For the material below, return exactly the lines starting at the one holding "Pegasus Sherpa Lined" and ending at the one holding "Waffle Knit Cropped Top in Lilac", counting both as part of the range.

— Information provided —
···
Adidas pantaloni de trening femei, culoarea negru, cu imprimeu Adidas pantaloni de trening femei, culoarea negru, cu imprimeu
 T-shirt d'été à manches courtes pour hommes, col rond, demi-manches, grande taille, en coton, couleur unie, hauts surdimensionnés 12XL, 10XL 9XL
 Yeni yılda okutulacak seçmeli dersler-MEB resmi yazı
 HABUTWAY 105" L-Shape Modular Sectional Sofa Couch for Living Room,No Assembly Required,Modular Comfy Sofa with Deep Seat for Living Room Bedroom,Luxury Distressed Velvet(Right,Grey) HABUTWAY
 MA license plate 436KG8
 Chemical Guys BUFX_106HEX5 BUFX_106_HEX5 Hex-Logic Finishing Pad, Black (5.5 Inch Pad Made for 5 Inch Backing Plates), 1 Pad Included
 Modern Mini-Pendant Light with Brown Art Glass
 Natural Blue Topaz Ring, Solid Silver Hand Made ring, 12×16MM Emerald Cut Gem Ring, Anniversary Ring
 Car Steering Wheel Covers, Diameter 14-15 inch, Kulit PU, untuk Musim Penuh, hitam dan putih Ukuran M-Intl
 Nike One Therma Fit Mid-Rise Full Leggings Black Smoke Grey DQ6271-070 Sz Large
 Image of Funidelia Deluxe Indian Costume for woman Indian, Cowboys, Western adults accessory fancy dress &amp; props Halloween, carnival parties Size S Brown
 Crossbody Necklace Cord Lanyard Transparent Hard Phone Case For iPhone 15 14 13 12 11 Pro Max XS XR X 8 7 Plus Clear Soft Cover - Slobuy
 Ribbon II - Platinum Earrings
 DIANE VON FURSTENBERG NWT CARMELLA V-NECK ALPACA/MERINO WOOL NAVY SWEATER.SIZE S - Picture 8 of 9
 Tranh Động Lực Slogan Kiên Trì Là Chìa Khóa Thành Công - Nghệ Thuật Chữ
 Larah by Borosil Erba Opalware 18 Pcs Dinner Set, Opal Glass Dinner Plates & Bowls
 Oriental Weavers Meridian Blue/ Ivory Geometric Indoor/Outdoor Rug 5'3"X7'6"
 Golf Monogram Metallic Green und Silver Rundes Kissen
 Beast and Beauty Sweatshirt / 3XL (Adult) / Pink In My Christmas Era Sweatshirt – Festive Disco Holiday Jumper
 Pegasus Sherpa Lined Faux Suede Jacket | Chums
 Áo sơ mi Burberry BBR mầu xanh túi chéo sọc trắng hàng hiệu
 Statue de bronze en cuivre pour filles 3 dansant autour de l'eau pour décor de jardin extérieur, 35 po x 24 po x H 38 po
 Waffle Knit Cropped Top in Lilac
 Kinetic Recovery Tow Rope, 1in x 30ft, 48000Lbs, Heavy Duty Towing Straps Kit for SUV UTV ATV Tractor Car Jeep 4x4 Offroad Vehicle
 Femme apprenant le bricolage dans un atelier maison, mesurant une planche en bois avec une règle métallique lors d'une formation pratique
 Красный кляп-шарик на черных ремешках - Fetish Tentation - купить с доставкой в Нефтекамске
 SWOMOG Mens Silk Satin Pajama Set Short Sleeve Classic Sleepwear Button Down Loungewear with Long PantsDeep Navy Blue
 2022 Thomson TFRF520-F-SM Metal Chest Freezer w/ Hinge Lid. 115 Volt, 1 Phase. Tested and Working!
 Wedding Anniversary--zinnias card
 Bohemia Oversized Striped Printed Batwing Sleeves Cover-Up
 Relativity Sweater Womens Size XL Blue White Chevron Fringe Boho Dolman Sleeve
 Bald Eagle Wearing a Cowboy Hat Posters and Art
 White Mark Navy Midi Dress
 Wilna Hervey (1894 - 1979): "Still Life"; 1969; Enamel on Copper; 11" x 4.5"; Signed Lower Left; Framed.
···
— Expected answer —
 Pegasus Sherpa Lined Faux Suede Jacket | Chums
 Áo sơ mi Burberry BBR mầu xanh túi chéo sọc trắng hàng hiệu
 Statue de bronze en cuivre pour filles 3 dansant autour de l'eau pour décor de jardin extérieur, 35 po x 24 po x H 38 po
 Waffle Knit Cropped Top in Lilac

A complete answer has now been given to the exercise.